◆ EXERCISE PROMPT: Nothing but the lines from the one containing "Slide Con Logo sold by Wanan Luxury" to the end of the records that follow should be transcribed, each exactly, with the pictures left out.

+---+

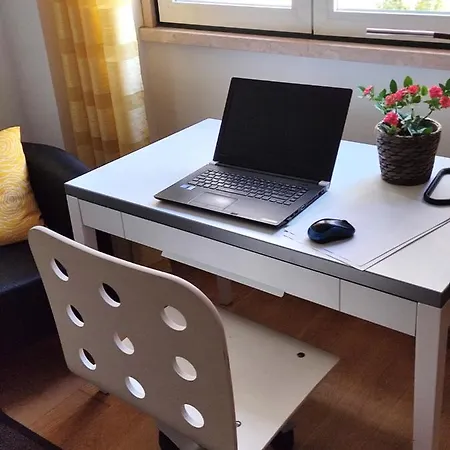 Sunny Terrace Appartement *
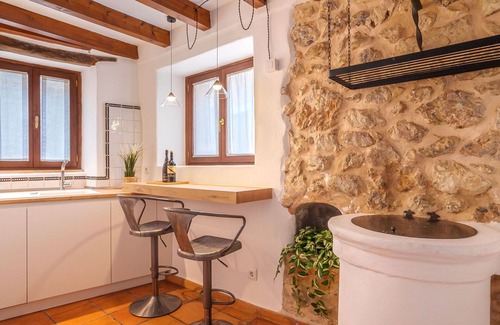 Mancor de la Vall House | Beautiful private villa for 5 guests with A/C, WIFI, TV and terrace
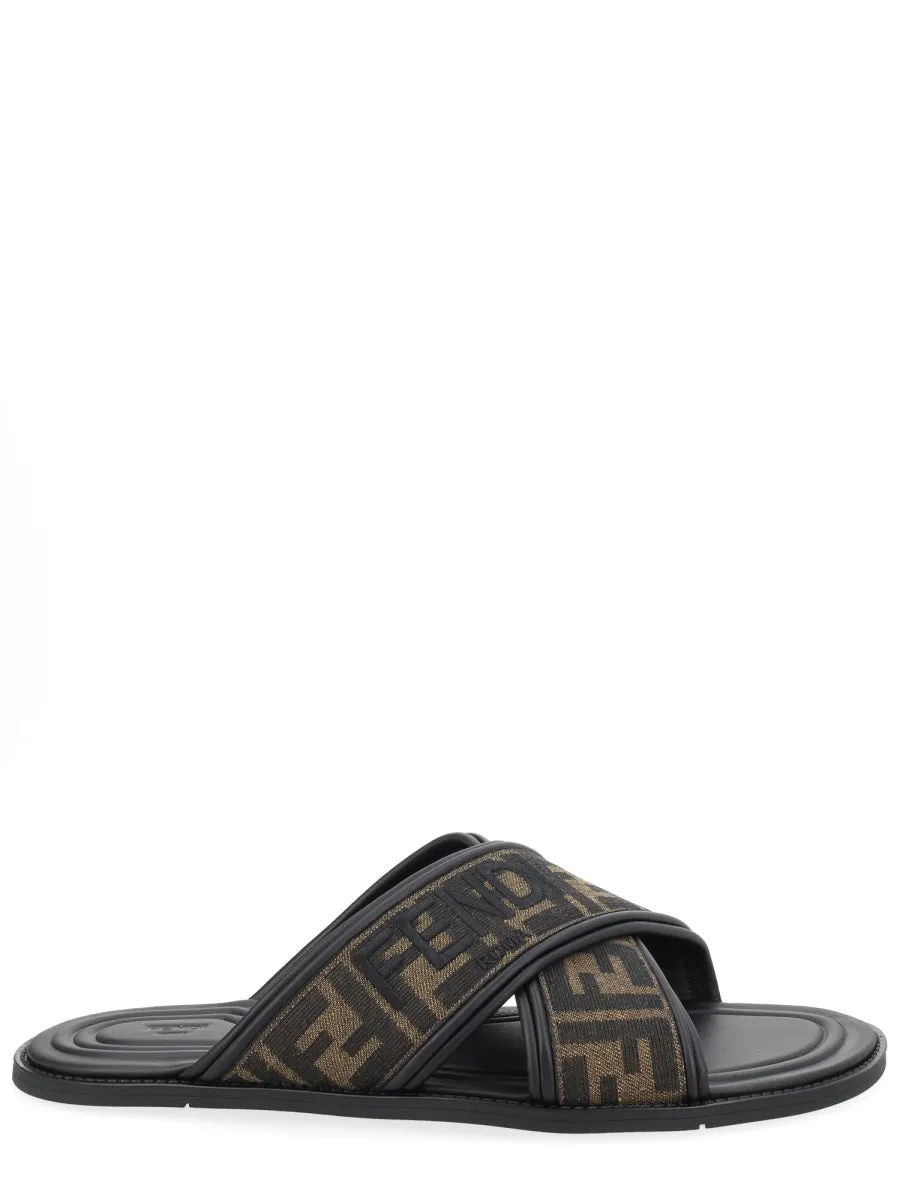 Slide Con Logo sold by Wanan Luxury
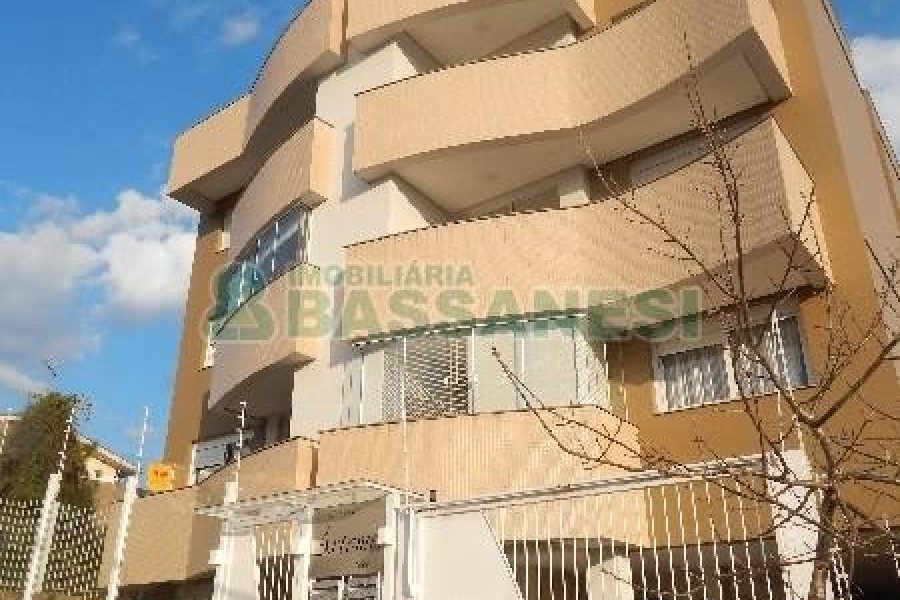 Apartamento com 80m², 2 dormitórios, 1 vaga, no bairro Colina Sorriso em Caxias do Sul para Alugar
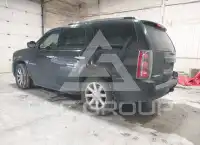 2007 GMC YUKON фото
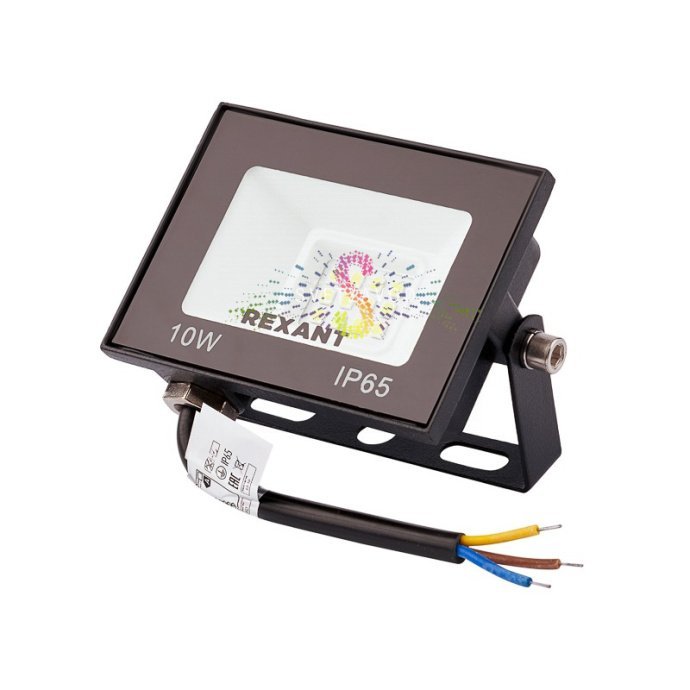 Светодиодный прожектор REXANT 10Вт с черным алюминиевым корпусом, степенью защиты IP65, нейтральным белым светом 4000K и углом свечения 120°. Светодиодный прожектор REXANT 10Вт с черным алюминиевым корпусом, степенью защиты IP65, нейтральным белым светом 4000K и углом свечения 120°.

+---+

◆ YOUR RESPONSE:
 Slide Con Logo sold by Wanan Luxury
 Apartamento com 80m², 2 dormitórios, 1 vaga, no bairro Colina Sorriso em Caxias do Sul para Alugar
 2007 GMC YUKON фото
 Светодиодный прожектор REXANT 10Вт с черным алюминиевым корпусом, степенью защиты IP65, нейтральным белым светом 4000K и углом свечения 120°. Светодиодный прожектор REXANT 10Вт с черным алюминиевым корпусом, степенью защиты IP65, нейтральным белым светом 4000K и углом свечения 120°.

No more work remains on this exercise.